The case came from a 2022 decision by the United States Court of Appeals for the Third Circuit which joined the D.C. and Seventh circuits in holding that the relevant provisions of the Fair Credit Reporting Act unequivocally and unambiguously waive the sovereign immunity of the United States.

== Background ==

Reginald Kirtz had two loans, one by the Pennsylvania Higher Education Assistance Agency, and one by the Department of Agriculture Rural Development Rural Housing Service, both of which were closed and had a balance of $0. Despite this, both agencies reported to Trans Union that he was more than 120 days past due, resulting in a lower credit score. Kirtz sent a letter to Trans Union disputing the statements on his credit file, and Trans Union gave notice of the dispute to both agencies. Neither agency took action to investigate or correct the disputed information.

== Procedural history ==

Kirtz sued Trans Union, the Pennsylvania Higher Education Assistance Agency, and the Department of Agriculture Rural Development Rural Housing Service, alleging willful and negligent violations of sections 1681n and 1681o of the Fair Credit Reporting Act in the United States District Court for the Eastern District of Pennsylvania. The U.S. Department of Agriculture moved to dismiss the claim, arguing that it is protected by the sovereign immunity of the United States. The district court granted the motion to dismiss, but was reversed by the United States Court of Appeals for the Third Circuit.

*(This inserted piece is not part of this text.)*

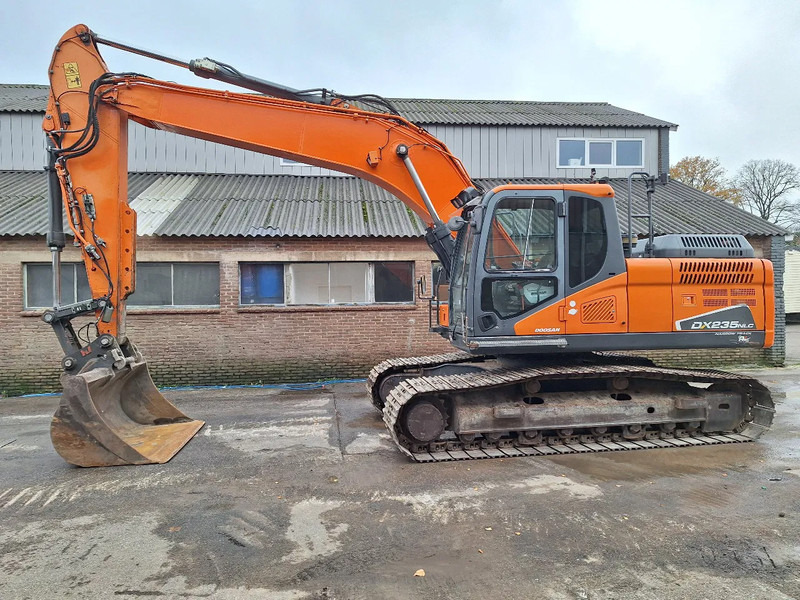 Doosan DX235NLC-5 - حفار زحاف: صورة 1 Doosan DX235NLC-5 - حفار زحاف: صورة 1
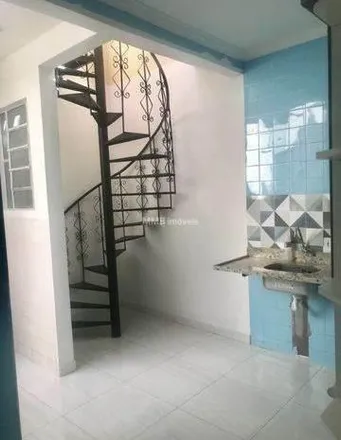 Buy this 2 bed apartment on Rua Doutor João Pinheiro in Jardim Glória, Juiz de Fora - MG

The relevant sections of the Fair Credit Reporting act state that any "person" who either negligently or willfully "fail[s] to comply with any requirement imposed under [the FCRA] with respect to any consumer is liable to that consumer" for civil damages. A "person" is defined to included "any government or government subdivision or agency." The Third Circuit joined the D.C. and Seventh Circuits in finding that language unequivocally and unambiguously waived the sovereign immunity of the United States.

== Supreme Court ==

On March 3, 2023, the USDA petitioned the Supreme Court to hear its case. On June 20, 2023, the court granted certiorari. It was argued on November 6, 2023.

On February 8, 2024, Justice Gorsuch delivered a unanimous opinion holding that the Fair Credit Reporting Act expressly waives the sovereign immunity of the United States. The decision affirmed the Third Circuit ruling below.